Он зашел с тыльной стороны, с того края, где стояла буровая в памятную ночь бульдозерной гонки. Сейчас здесь был наворочан бульдозером высокий вал из перепутанных сучьев, корней и древесных стволов. Вовец устроился в этом буреломе, как в дзоте, нашел подходящую щель, нацепил на нос очки-бинокль, отрегулировал окуляры и стал методично изучать открывшийся ландшафт.
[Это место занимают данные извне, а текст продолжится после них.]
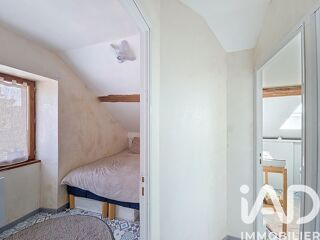  Appartement � vendre 2 pi�ces 58 m�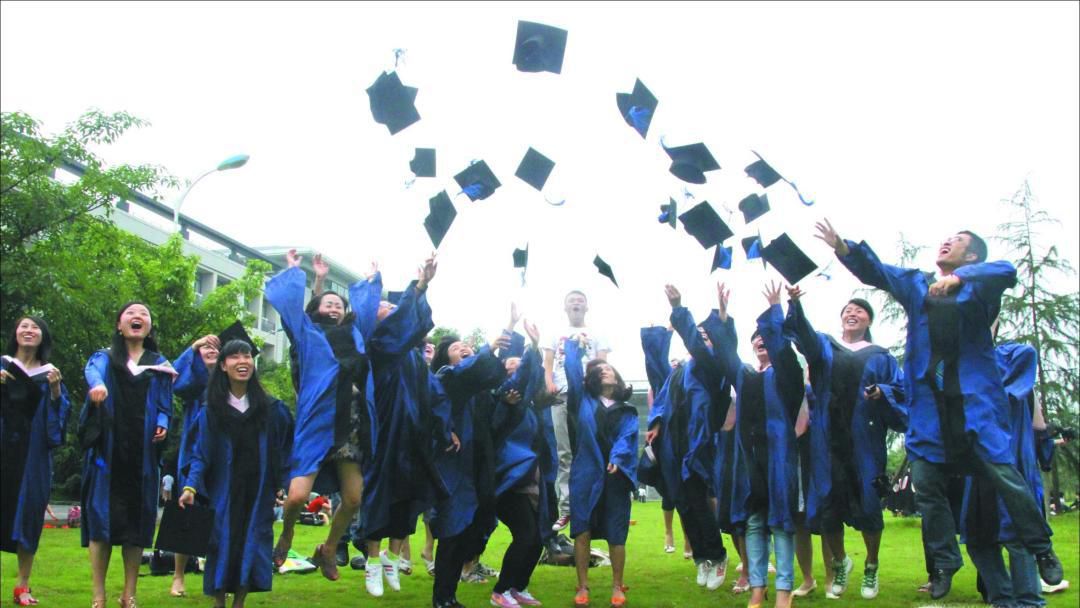 真正能网赚的方法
Арендаторы хозяйничали на делянке, как оккупанты на вражеской территории. Отбросив всякие приличия, они уже не притворялись лесорубами, а приступили к разработке недр. Бульдозером расчистили площадку величиной с футбольное поле, провели, так сказать, вскрышные работы. Метровый слой земли, песка и глины со всей площадки сгребли в высокий курган, на вершине которого поставили будку, похожую на скворечник. В ней сейчас изнывал часовой с биноклем. Он лениво поднимал его к глазам и так держал, словно и в самом деле что-то разглядывал. Посреди расчищенного участка несколько загорелых до черноты мужиков били шахтный ствол. Здесь стоял большой компрессор на автомобильных колесах и грохотал на весь лес, бросая вверх клочки серого дыма из выхлопной трубы. От него в квадратный сруб шахтного колодца струились два шланга. Слышалась дробная пальба отбойных молотков. Над колодцем торчала пирамида из трех бревен, скрепленная стальными скобами. В её вершине висел блок с перекинутым тросом, одним концом прицепленный к колесному "Беларусю", оборудованному к тому же экскаваторным ковшом. Время от времени "Беларусь" отбегал, вытягивая трос, на другом конце которого висела железная двухсотлитровая бочка, наполненная дробленым слюдитом. Двое работяг подхватывали её, отводили в сторону и опрокидывали в наклонный коробчатый желоб из сварного железа. Камни с грохотом сыпались по желобу к ногам двух интеллигентного вида мужчин. Один поливал камни из садовой лейки, обмывая, а второй быстро сортировал. Отдельные обломки откладывал в ящик, остальные бросал в большую кучу. Похоже, бульдозер, сейчас мирно стоящий возле земляного кургана, периодически отгребал в сторону пустую породу. Еще один мужик с топором возился с сосновыми бревнами, срубая сучки и подтесывая, где надо. Вовец понял, что весь срубленный здесь лес пойдет на шахтную крепь.